## PROBLEM TO SOLVE
Would you return the listing exactly as written, apart from its pictures?

## GIVEN MATERIAL
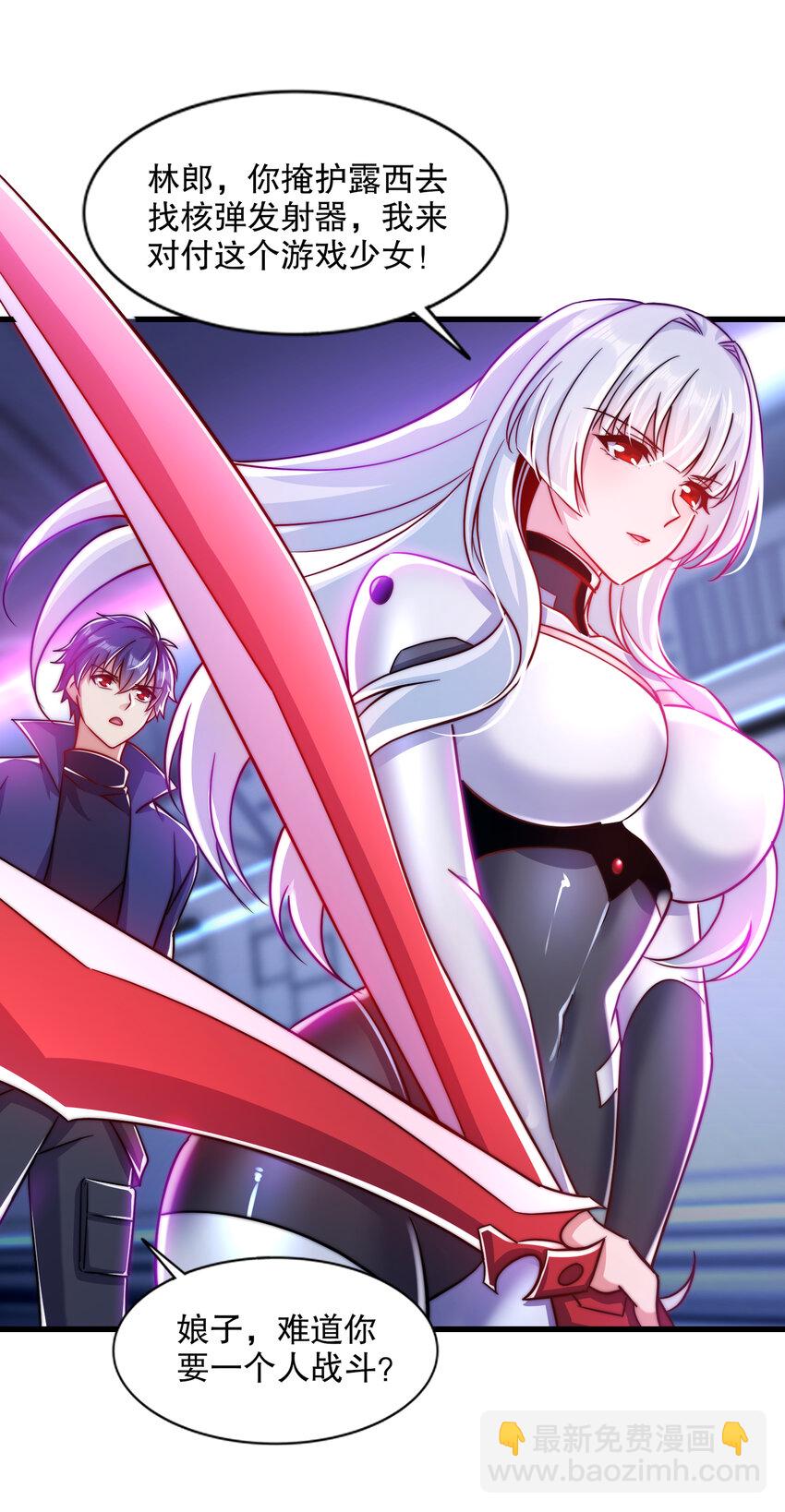 第170话 灵蛇鬼VS贪吃蛇10
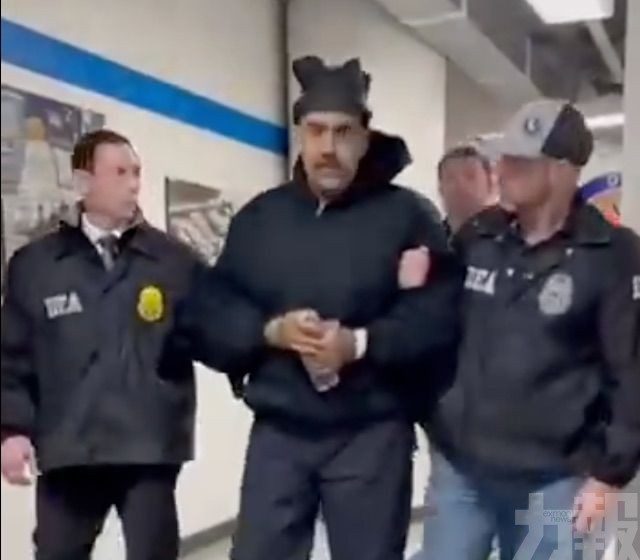 指控其政權靠販毒維繫運作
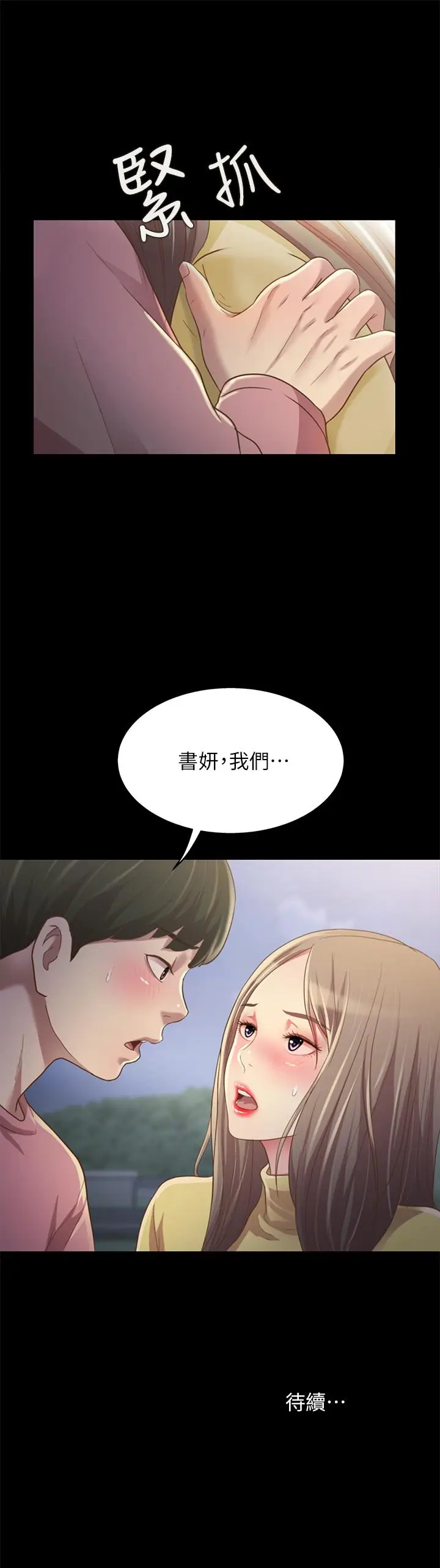 漫画《朋友, 女朋友》第92话第39张图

## ANSWER SECTION
 第170话 灵蛇鬼VS贪吃蛇10
 指控其政權靠販毒維繫運作
 漫画《朋友, 女朋友》第92话第39张图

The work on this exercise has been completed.